Hidden from the roadside and encircled with trees, the churchyard is a picture of serenity and repose.
The church of St Oudoceus is reached through the grounds of The Old Rectory. It dates from the 13th century, and was remodelled in the late 14th by the Lord Marcher of Laugharne, Sir Guy de Bryan.
On a ledge by the chancel arch, you will see the oldest part of this church: a Latin and Ogham inscribed stone, thought to date to the 5th/6th century. Until the 19th century, the stone was used as threshold in the south door.
In the chancel is a 14th century effigy of St Margaret Marloes, found in the churchyard in 1838 broken into three pieces. Margaret was the niece of Sir Guy de Bryan, who restored the church in the 1300s. Tradition has it that Sir Guy rebuilt the church for his niece, and that she created a beguinage – a community of like-minded women who lived together without taking vows or withdrawing from the world.
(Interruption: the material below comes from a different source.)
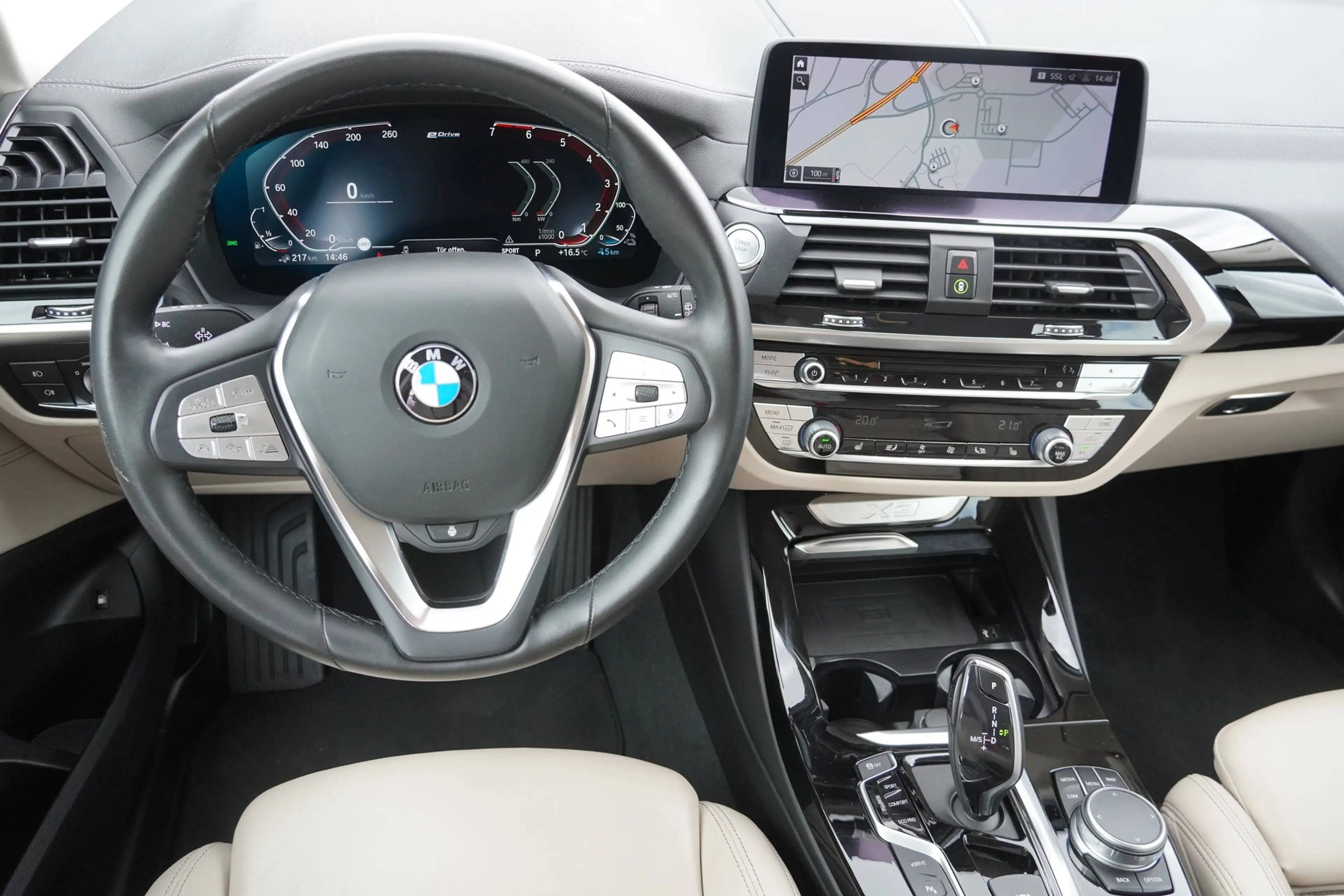BMW X3 xDrive 30e Luxury Line Leder AHK Totwinkel — photo 12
Originally, the church was dedicated to St Oudoceus, but locally is also known as the church of St Margaret Marloes.
That the church survives at all is due to the efforts of Mrs Weinholt of Corse House in 1882. Newspapers report how the church “resembled a barn more than a House of God”. Mrs Weinholt held a hugely successful fundraising bazaar, which paid for the restoration, and a new oak altar carved by local stonemason, Owen Williams. The altar is decorated with vine-wrapped tracery, doves bearing olive branches, angels, Lily of the Valley, Rose of Sharon, passionflowers and more.
We took this church into our care in 2006.